London, June 24, 2026, 10:05 (BST)
Rio Tinto shares fell 0.6% to 7,224 pence by 0945 BST on Wednesday, extending Tuesday’s 3.3% slide. The FTSE 100 was near flat in delayed data. Rio was trading about 21% below its May 27 peak of 9,117 pence.
Jérôme Pécresse, head of Rio’s aluminium and lithium business, told Reuters that lithium should grow faster than the miner’s other divisions as it works towards annual capacity of 200,000 metric tons by 2028. “We want to show that we can build on time and on budget. That’s taking up 90% of my time,” he said. Rio plans to favour cheaper-to-run assets and contracts with minimum and maximum prices. Albemarle remains the world’s largest lithium producer, though Pécresse said Rio was seeking scale with customers rather than the top ranking. Reuters
The nearer test is this year’s output. Rio produced 12,700 tons of lithium carbonate equivalent, or LCE, in the first quarter. LCE is a common measure used to compare different lithium products. The company kept 2026 guidance at 61,000 to 64,000 tons and said Fenix 1B and Sal de Vida were due to start production in the second half.
At the 62,500-ton midpoint, Rio must produce another 49,800 tons over the next three quarters. That works out at 16,600 tons a quarter, about 31% above its first-quarter pace, according to a calculation from company data.
The 200,000-ton figure is capacity rather than promised production. Even so, using the 2026 guidance midpoint as the base implies average annual growth of nearly 79% through 2028. A quarter at full capacity would equal 50,000 tons, almost four times first-quarter output. The comparison is not like-for-like and should not be read as a sales forecast, but it sets out the size of the start-up job behind Rio’s $6.7 billion Arcadium purchase.
The balance sheet raises the stakes. Rio ended 2025 with net debt — debt less cash — of $14.36 billion, up from $5.49 billion a year earlier. Free cash flow, the cash left after capital spending, fell 28% to $4.03 billion. That leaves less room for delayed projects before shareholders start questioning the return from lithium.
Prices offer some help, but little certainty. A CME lithium hydroxide futures contract had risen 86% this year and moved above $20,000 a ton by early June. BNP Paribas still expected supply to exceed demand this year and next, Reuters columnist Andy Home reported, as higher prices draw idled production back into the market.

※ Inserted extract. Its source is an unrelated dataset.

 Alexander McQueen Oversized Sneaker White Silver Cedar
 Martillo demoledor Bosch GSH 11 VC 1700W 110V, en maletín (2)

But execution remains the main risk. Rio’s expansion relies on new projects and direct lithium extraction, technology that separates lithium directly from brine. If the planned second-half starts slip while electric-vehicle demand softens, some capacity could sit idle. A faster return of Chinese supply would put prices under fresh pressure. Contract minimums may cushion that outcome, but would not remove it.
Rio also said it was testing Caterpillar battery-electric haul trucks with rival BHP at the Jimblebar iron ore mine. The next stage will examine charging trucks while they are moving. Rio iron ore chief Matthew Holcz said: “This trial will give us real-world data in some of the most demanding operating conditions on earth.” The programme is still an early technical test rather than an earnings driver. Rio Tinto
Rio’s second-quarter operations review on July 15 will provide the first hard check on the lithium ramp. Half-year results follow on July 29.